Richards M L, Katz D H
Division of Immunology, Medical Biology Institute, La Jolla, CA 92037.
Crit Rev Immunol. 1991;11(2):65-86.
Recent studies have established that the low affinity Fc receptor for IgE (Fc epsilon RII/CD23) is a structurally and functionally unique immunoglobulin receptor. DNA sequence analysis predicts that, in contrast to other FcR, Fc epsilon RII is not a member of the immunoglobulin gene superfamily and, indeed, is inserted into the membrane in opposite orientation from most other membrane proteins. While the Fc epsilon RII of macrophages, eosinophils, and platelets mediate IgE-dependent cytotoxicity and promote phagocytosis of IgE-antigen complexes, the function of Fc epsilon RII on B lymphocytes remains unclear. Much effort has been directed toward establishment of its role in IgE regulation, but the plurality of B cell Fc epsilon RII expression, i.e. greater than 90% of the mu + /delta + B lymphocytes, is incongruous with simply a role in regulating only IgE responses. Hence, the discovery that Fc epsilon RII is identical to the B-cell activation antigen, CD23, together with its novel structural features, suggests an additional more important role for this interesting protein and would explain the disparity between a commonly expressed receptor with apparently limited functions.

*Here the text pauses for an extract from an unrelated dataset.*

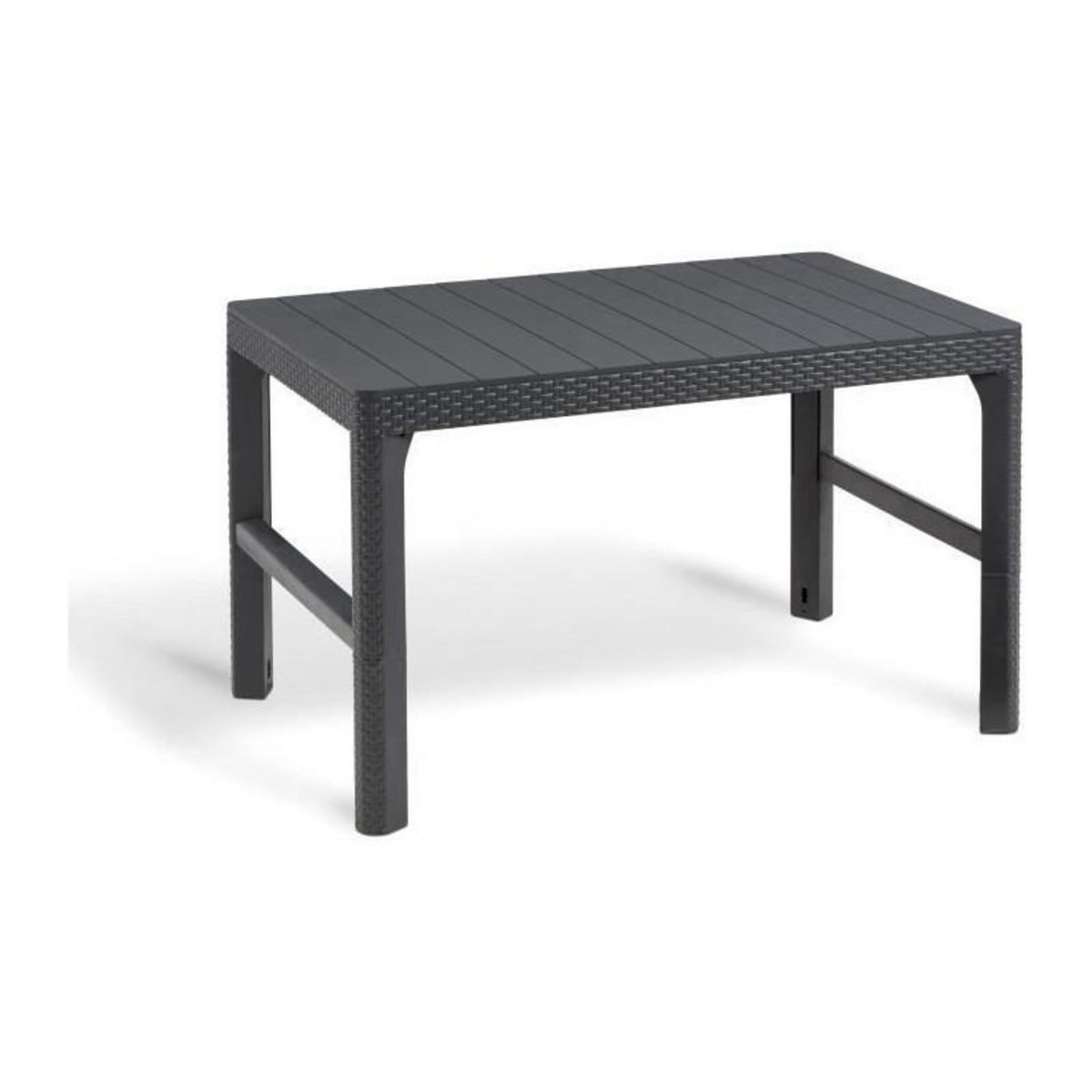 ALLIBERT by KETER ALLIBERT by KETER - Salon de jardin SanRemo Lyon 6 places - table basse 2 positions - imitation rotin tresse - gris graphite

最近的研究证实,免疫球蛋白E的低亲和力Fc受体(FcεRII/CD23)是一种结构和功能独特的免疫球蛋白受体。DNA序列分析预测,与其他FcR不同,FcεRII不是免疫球蛋白基因超家族的成员,实际上,它以与大多数其他膜蛋白相反的方向插入膜中。虽然巨噬细胞、嗜酸性粒细胞和血小板的FcεRII介导IgE依赖性细胞毒性并促进IgE-抗原复合物的吞噬作用,但FcεRII在B淋巴细胞上的功能仍不清楚。人们为确定其在IgE调节中的作用付出了很多努力,但B细胞FcεRII表达的多样性,即超过90%的μ+/δ+B淋巴细胞,与仅在调节IgE反应中起作用并不相符。因此,FcεRII与B细胞活化抗原CD23相同这一发现,连同其新颖的结构特征,表明这种有趣的蛋白质还有一个更重要的作用,并可以解释一种普遍表达但功能明显有限的受体之间的差异。